INPUT DATA Start Marker

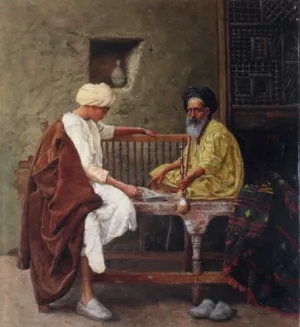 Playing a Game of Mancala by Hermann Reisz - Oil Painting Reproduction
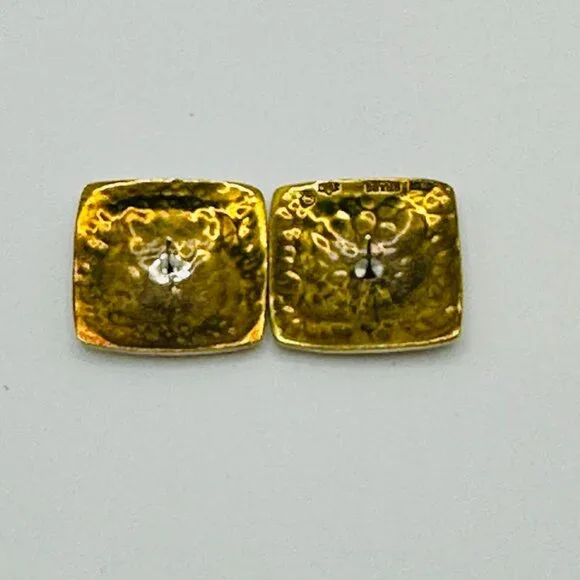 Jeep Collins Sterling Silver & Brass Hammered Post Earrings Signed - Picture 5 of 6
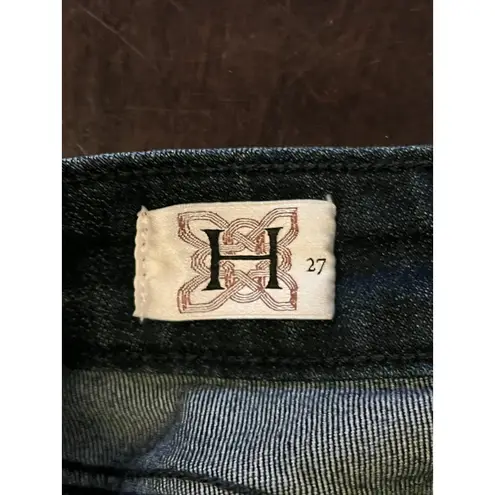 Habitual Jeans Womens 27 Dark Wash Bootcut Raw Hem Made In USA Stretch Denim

INPUT DATA End Marker

■ ASSIGNMENT ■
For this copy, leave pictures out and reproduce the lines from the one bearing "Jeep Collins Sterling" through the final line of the listing above, both ends included.

■ OUTPUT BELOW ■
 Jeep Collins Sterling Silver & Brass Hammered Post Earrings Signed - Picture 5 of 6
 Habitual Jeans Womens 27 Dark Wash Bootcut Raw Hem Made In USA Stretch Denim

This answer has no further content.